Down to the last line of the listing, starting at the one with "Another thing I", retype each line exactly. Do not copy the pictures.
── Source information ──
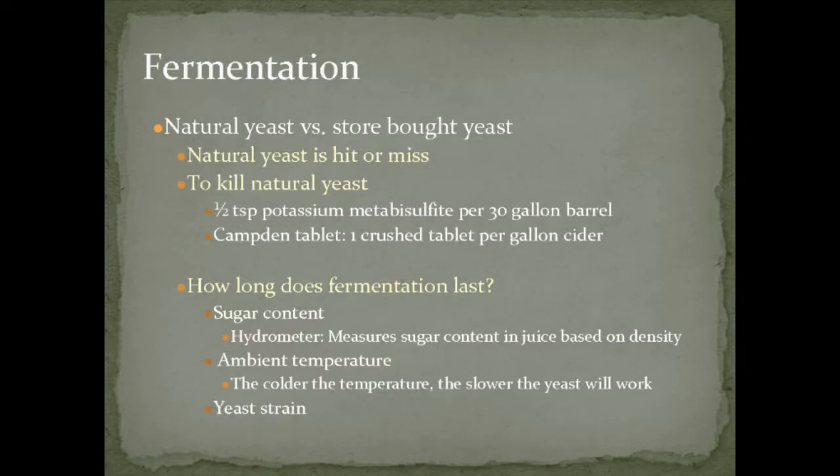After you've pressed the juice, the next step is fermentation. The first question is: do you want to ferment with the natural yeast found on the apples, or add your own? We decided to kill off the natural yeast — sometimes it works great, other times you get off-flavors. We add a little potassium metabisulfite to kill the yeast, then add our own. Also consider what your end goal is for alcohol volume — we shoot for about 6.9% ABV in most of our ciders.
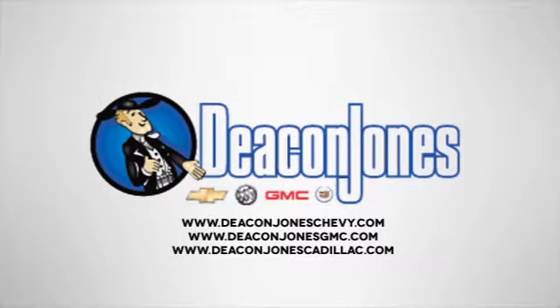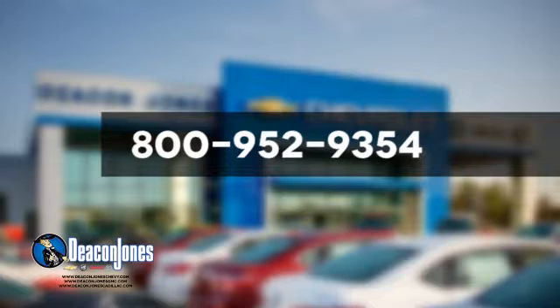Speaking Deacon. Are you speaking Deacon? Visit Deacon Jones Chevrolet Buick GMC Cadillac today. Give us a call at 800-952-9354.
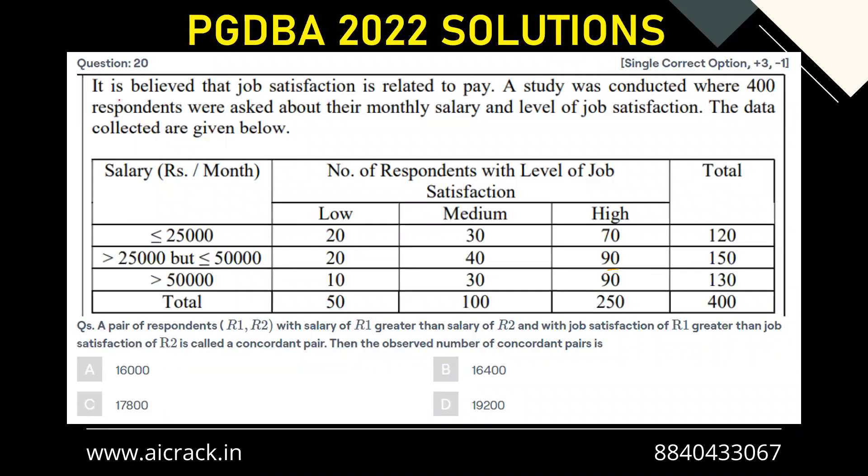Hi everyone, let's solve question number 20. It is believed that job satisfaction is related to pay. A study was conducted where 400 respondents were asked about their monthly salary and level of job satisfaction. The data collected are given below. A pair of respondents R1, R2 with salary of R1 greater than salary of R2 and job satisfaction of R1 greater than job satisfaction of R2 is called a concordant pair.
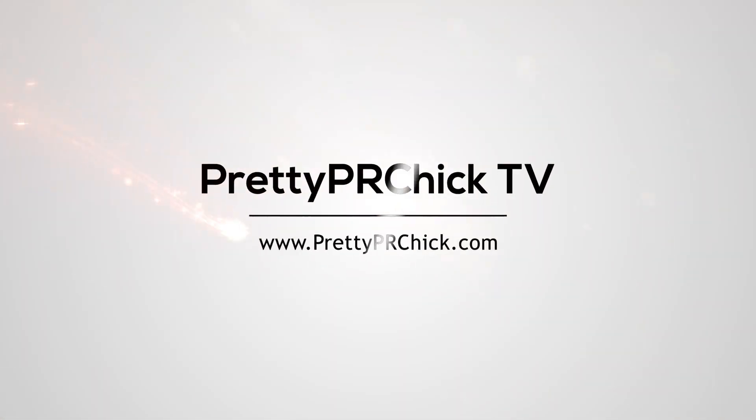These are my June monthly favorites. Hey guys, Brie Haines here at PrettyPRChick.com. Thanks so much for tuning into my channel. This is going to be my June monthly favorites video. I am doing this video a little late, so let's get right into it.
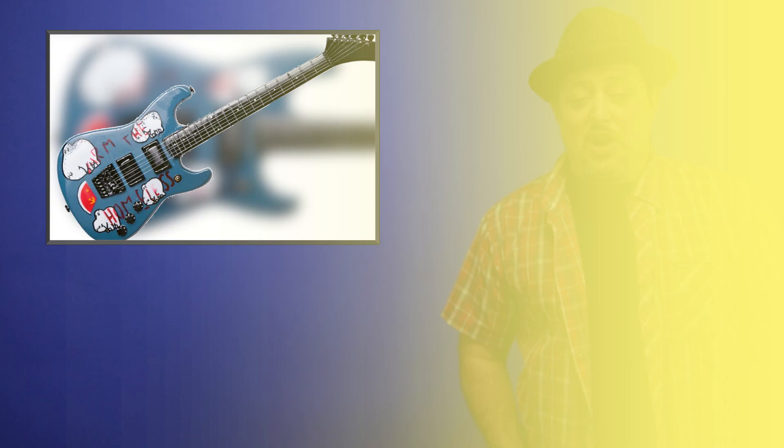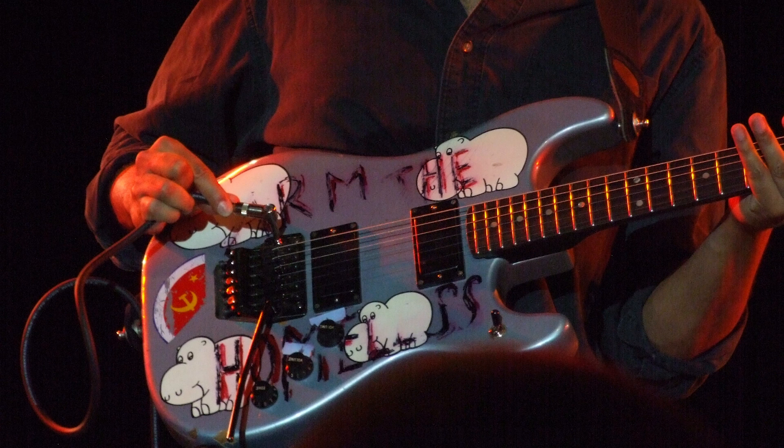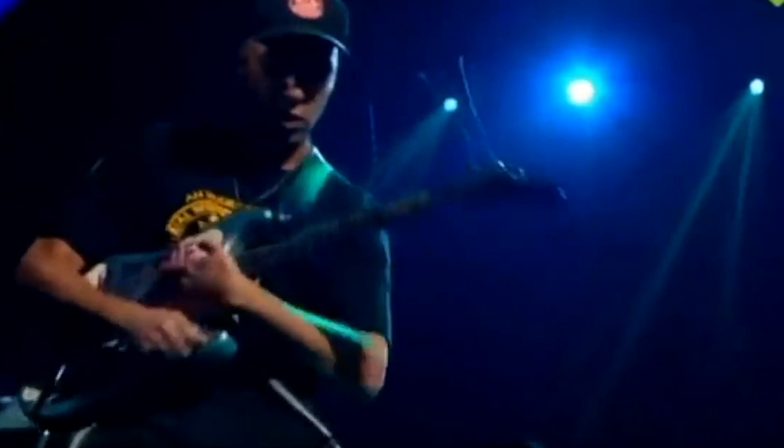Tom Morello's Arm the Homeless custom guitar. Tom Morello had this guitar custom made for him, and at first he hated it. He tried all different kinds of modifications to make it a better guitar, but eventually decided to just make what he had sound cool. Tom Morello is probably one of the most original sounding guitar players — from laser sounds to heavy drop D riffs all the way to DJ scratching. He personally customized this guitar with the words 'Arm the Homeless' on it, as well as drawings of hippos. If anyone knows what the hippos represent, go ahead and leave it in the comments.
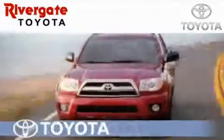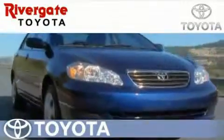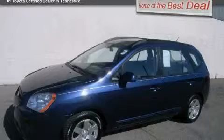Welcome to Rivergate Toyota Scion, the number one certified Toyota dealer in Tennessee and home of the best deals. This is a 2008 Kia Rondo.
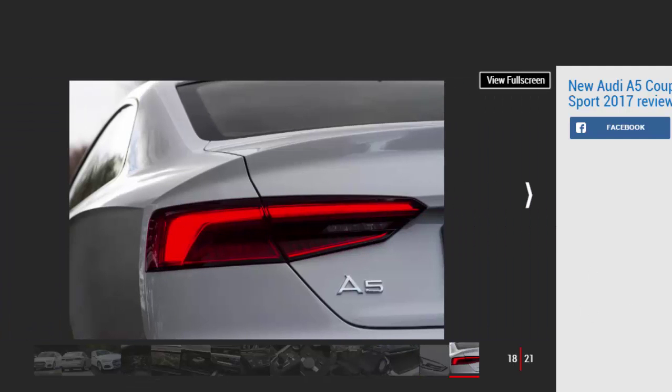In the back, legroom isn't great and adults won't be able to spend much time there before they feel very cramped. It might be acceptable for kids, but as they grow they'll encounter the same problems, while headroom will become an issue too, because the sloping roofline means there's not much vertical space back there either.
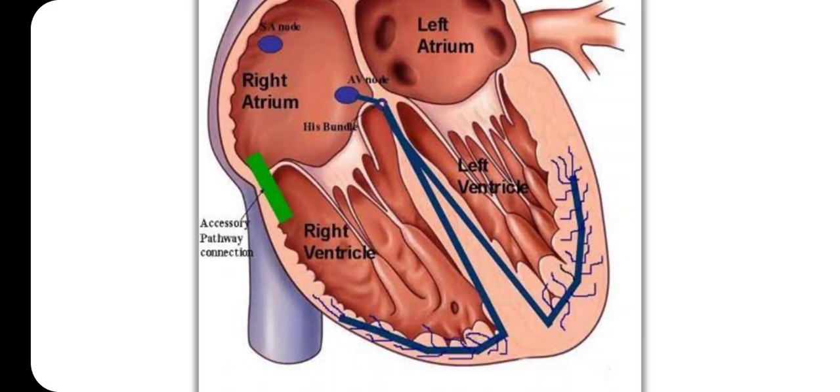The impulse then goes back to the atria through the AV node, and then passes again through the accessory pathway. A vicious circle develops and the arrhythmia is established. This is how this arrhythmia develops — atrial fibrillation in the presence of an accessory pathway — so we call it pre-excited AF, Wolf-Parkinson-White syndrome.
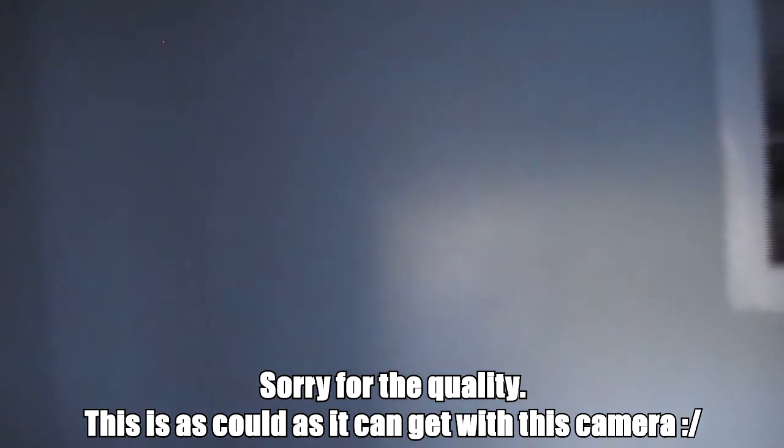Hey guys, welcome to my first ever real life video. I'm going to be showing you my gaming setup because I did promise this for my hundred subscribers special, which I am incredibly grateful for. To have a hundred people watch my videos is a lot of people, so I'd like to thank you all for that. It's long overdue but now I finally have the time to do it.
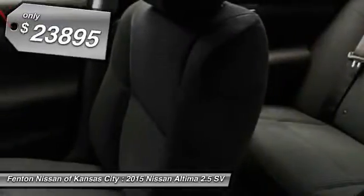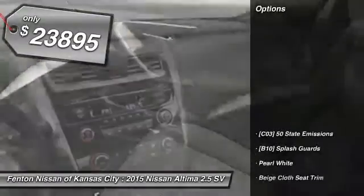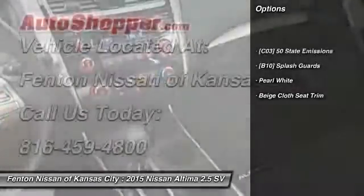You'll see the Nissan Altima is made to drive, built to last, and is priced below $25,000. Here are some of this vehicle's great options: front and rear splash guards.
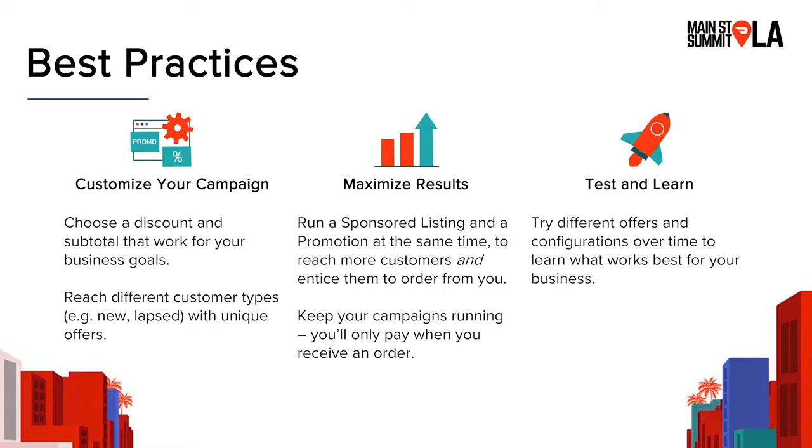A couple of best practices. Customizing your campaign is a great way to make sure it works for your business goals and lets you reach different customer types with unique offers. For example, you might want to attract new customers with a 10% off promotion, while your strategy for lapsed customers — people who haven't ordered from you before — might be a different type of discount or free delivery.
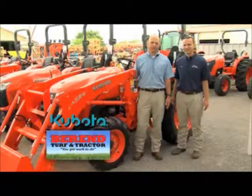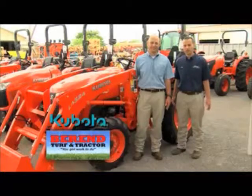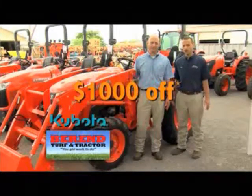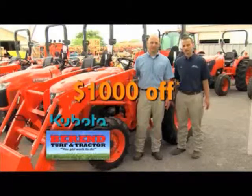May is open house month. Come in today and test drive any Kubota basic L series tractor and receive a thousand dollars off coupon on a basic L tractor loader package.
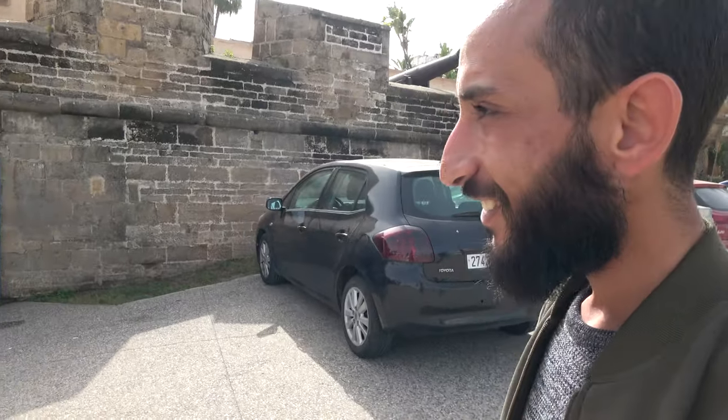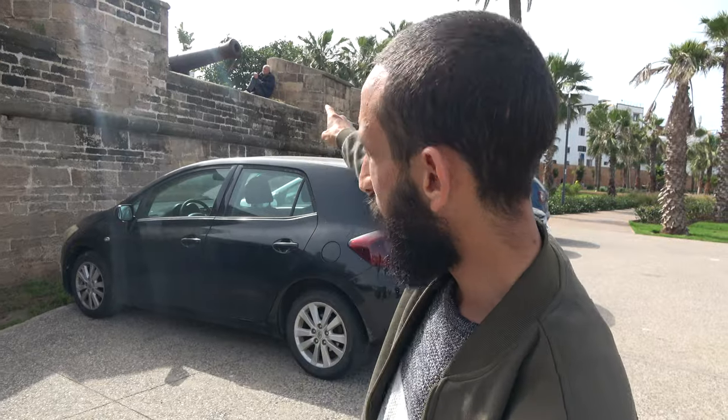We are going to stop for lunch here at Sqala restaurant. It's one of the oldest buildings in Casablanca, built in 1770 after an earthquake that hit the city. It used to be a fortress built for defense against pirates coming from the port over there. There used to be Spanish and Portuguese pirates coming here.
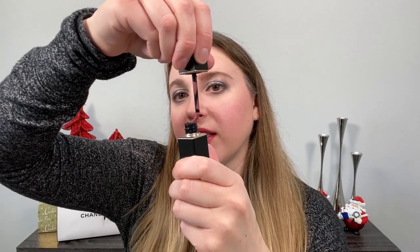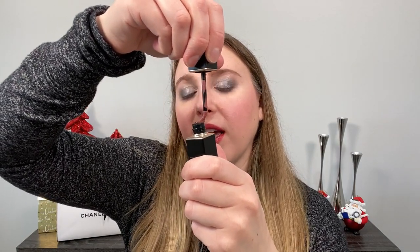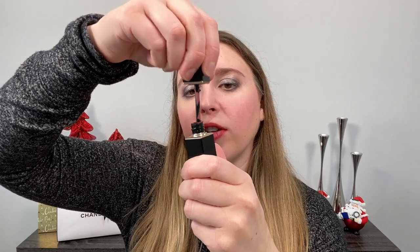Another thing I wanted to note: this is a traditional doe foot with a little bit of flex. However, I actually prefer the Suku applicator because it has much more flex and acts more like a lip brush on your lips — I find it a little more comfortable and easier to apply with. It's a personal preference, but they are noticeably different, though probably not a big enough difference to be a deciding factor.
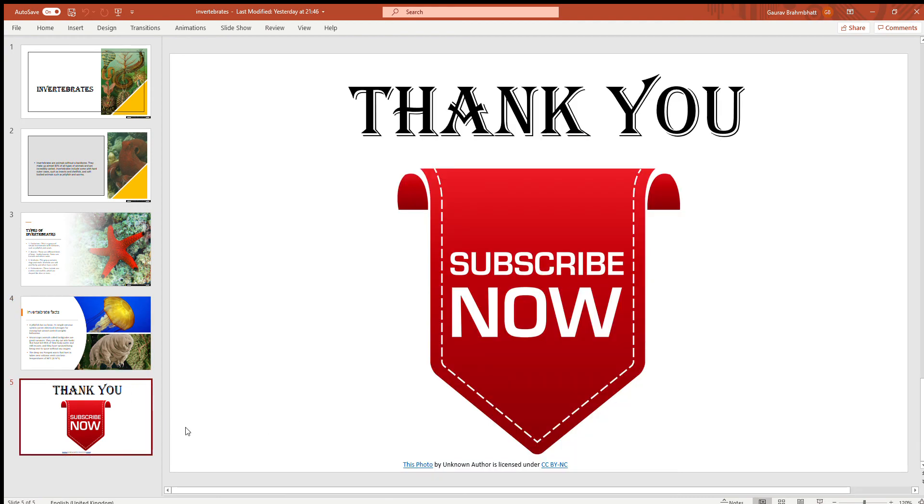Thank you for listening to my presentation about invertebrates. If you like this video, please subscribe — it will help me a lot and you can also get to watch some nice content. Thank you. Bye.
───
#### Output for this exercise:
Another thing I wanted to note: this is a traditional doe foot with a little bit of flex. However, I actually prefer the Suku applicator because it has much more flex and acts more like a lip brush on your lips — I find it a little more comfortable and easier to apply with. It's a personal preference, but they are noticeably different, though probably not a big enough difference to be a deciding factor.
Thank you for listening to my presentation about invertebrates. If you like this video, please subscribe — it will help me a lot and you can also get to watch some nice content. Thank you. Bye.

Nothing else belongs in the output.